Upcoming Webinar: Probing Sodium Channel Blockers In Vivo: TMS Strength–Duration Metrics as a Translational Biomarker

Dr Lorenzo Rocchi

30th of October, 2025

This webinar will introduce a novel approach using transcranial magnetic stimulation (TMS) with variable pulse widths to probe sodium channel function in vivo. By analysing strength–duration properties of cortical neurons, we explore whether this technique can serve as a pharmacodynamic biomarker, offering a new window into how drugs work in the human brain.
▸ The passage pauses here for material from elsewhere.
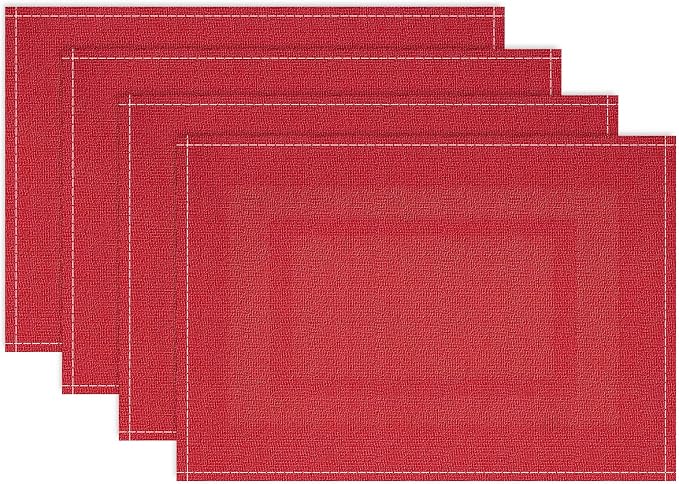Christmas Placemats, Placemats Set of 4 Washable, Red 12" x 18" | Easy to Clean, Rectangular Linen Placemat, Red Xmas Placemats for Indoor outdoor Holiday Party Kitchen Dining Room Decoration
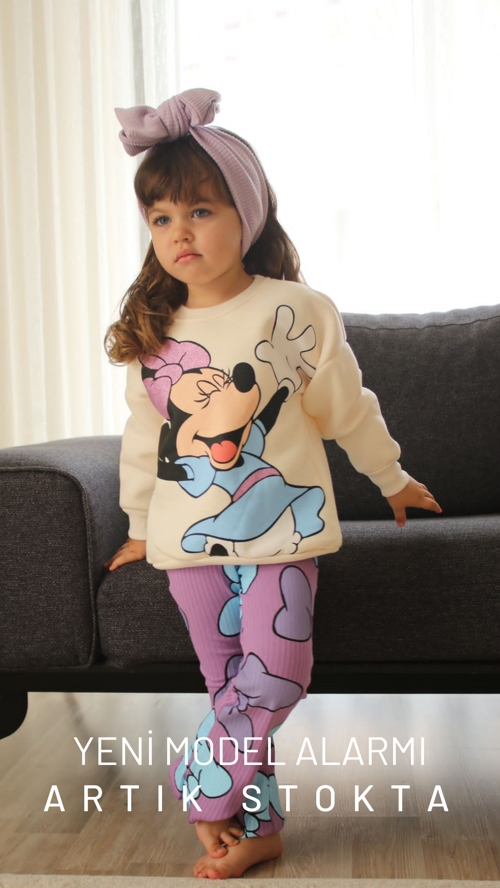 Minnie Baskılı Kız Çocuk Eşofman Takımı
Join us to learn how this method could advance early-phase trials, differentiate between similar compounds, and support more personalized strategies in epilepsy drug development.

Register now

Research background:

Voltage-gated sodium channels (VGSCs) are fundamental determinants of neuronal excitability and central targets of many antiseizure medications. While preclinical models and in vitro studies have advanced our understanding of VGSC pharmacology, translating these findings to the intact human brain has remained challenging. Conventional measures, such as single TMS-derived motor thresholds, can detect general reductions in cortical excitability but often lack the specificity needed to differentiate between drug mechanisms.
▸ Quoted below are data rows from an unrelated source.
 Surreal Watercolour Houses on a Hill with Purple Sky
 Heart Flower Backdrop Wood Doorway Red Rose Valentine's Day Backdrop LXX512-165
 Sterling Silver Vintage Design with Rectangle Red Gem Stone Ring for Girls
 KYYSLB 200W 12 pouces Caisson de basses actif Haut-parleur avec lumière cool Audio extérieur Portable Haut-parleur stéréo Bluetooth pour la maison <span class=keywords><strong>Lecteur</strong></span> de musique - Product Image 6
In this study, we employed a novel transcranial magnetic stimulation (TMS) device capable of varying pulse width to characterize the strength–duration behavior of human cortical neurons. This approach provides access to rheobase and the strength–duration time constant (SDTC), parameters closely linked to axonal sodium channel function. We examined the acute effects of carbamazepine and lacosamide, two widely used antiseizure drugs with distinct pharmacological profiles.
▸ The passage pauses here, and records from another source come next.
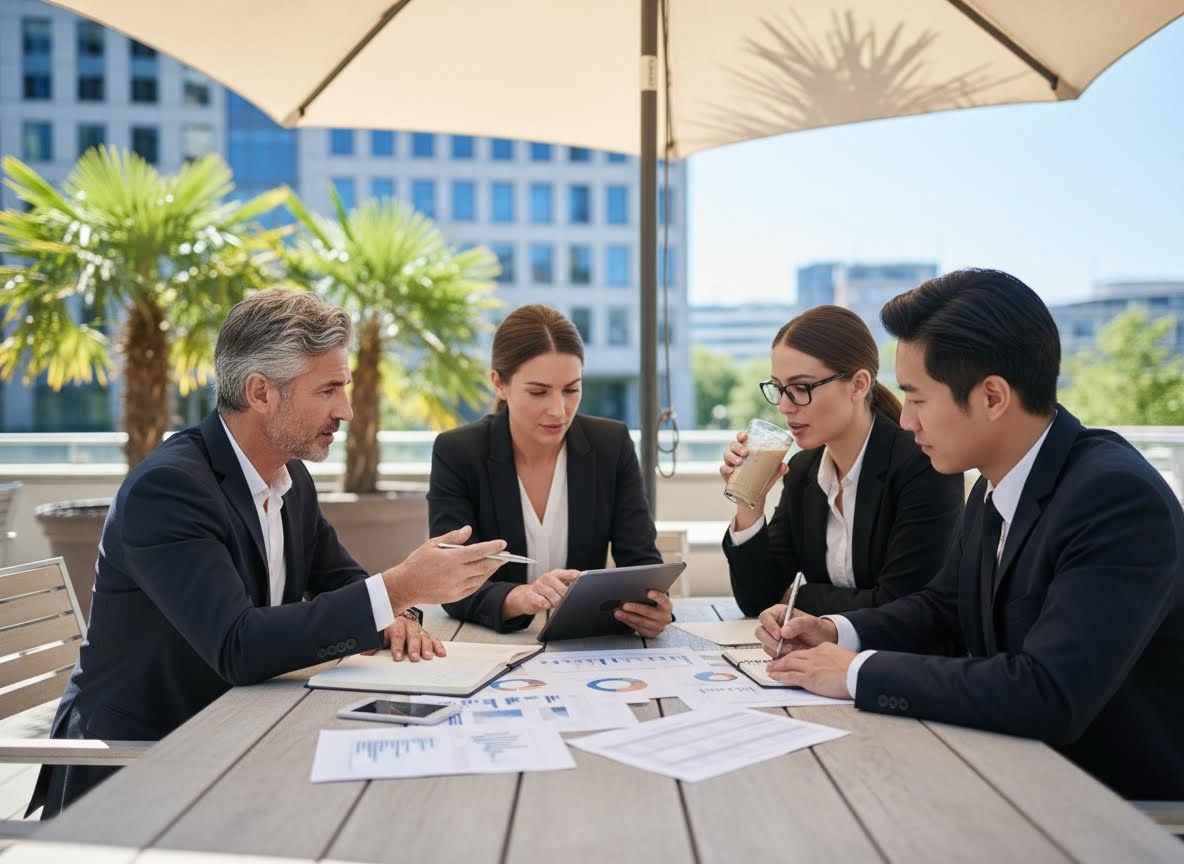 Business team collaborating outdoors on a patio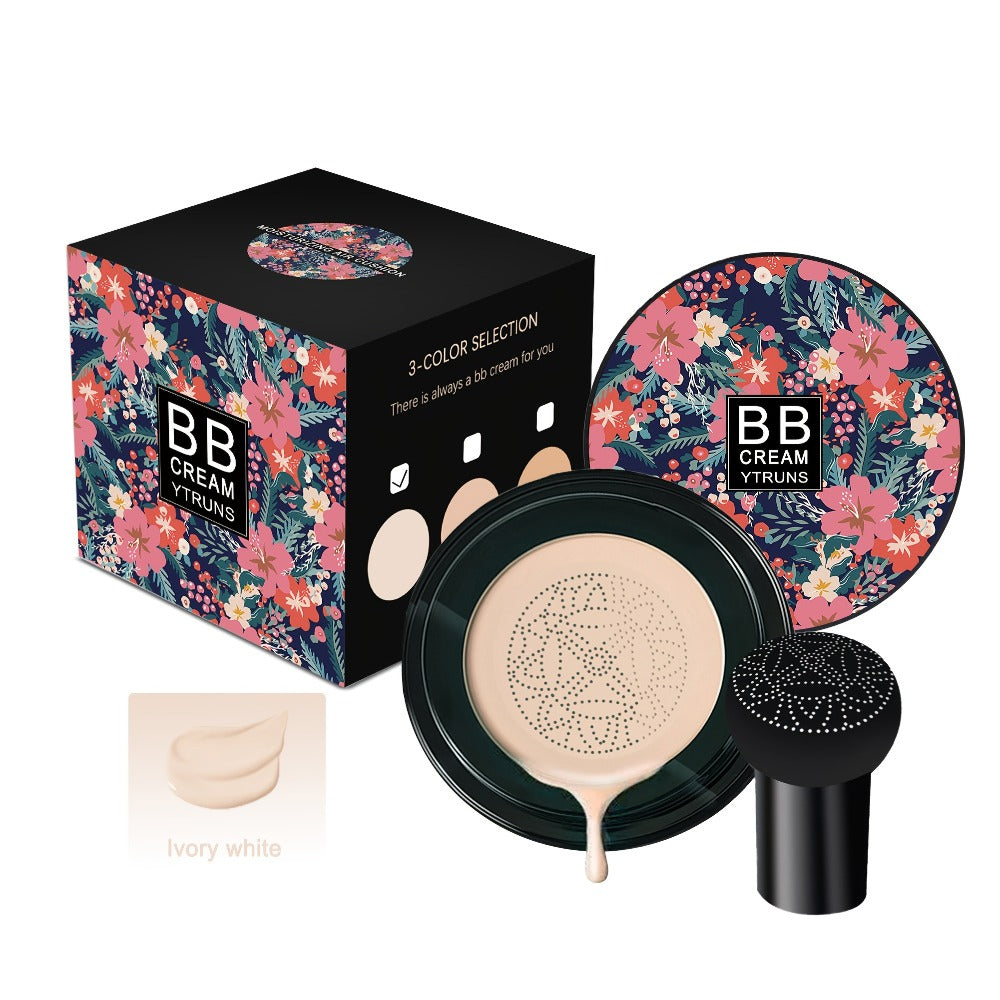 Floral Compact Air Cushion Foundation with Mushroom Puff Applicator and Ivory, Natural or Dark Shades — image 3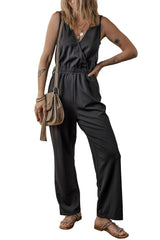 Black Wrap V Neck Sleeveless High Waist Jumpsuit Jumpsuits & Rompers JT's Designer Fashion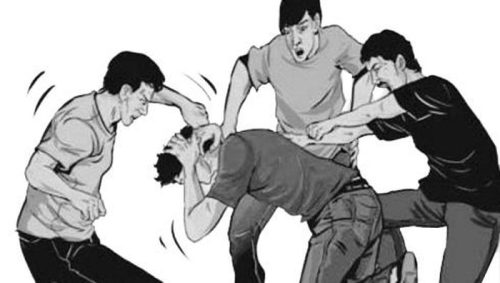 Ilustrasi pengeroyokan yang menggambarkan aksi kekerasan oleh sekelompok orang terhadap korban.
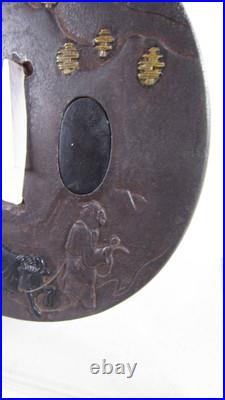 Japanese Sword Katana Tsuba Iron Base Tsuba Black/Gold Japan Antique withBox Japanese Sword Katana Tsuba Iron Base Tsuba Black/Gold Japan Antique withBox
Both drugs increased motor thresholds, confirming reduced cortical excitability. However, strength–duration curves revealed divergent mechanisms: lacosamide reduced SDTC and increased rheobase in a manner consistent with selective sodium channel blockade, while carbamazepine had minimal impact on these parameters despite lowering excitability. These findings suggest that strength–duration metrics can uncover drug-specific actions that are not evident from conventional TMS measures—or from animal and in vitro data alone.

From a clinical trial perspective, this work highlights the potential of TMS as a noninvasive pharmacodynamic biomarker. TMS can probe ion channel function in vivo, in the human brain, with a temporal resolution suitable for early-phase studies. Such measures can (1) clarify mechanisms of action, (2) differentiate compounds with superficially similar effects, and (3) inform dose selection and patient stratification. Importantly, they complement rather than replace preclinical models, offering a bridge between mechanistic insights and clinical translation.

Overall, TMS-based strength–duration analysis emerges as a promising tool for clinical research, capable of guiding the development and evaluation of novel therapeutics. By detecting subtle, mechanism-specific effects of sodium channel modulators in humans, this approach paves the way for more targeted, data-driven strategies in drug development and personalized medicine.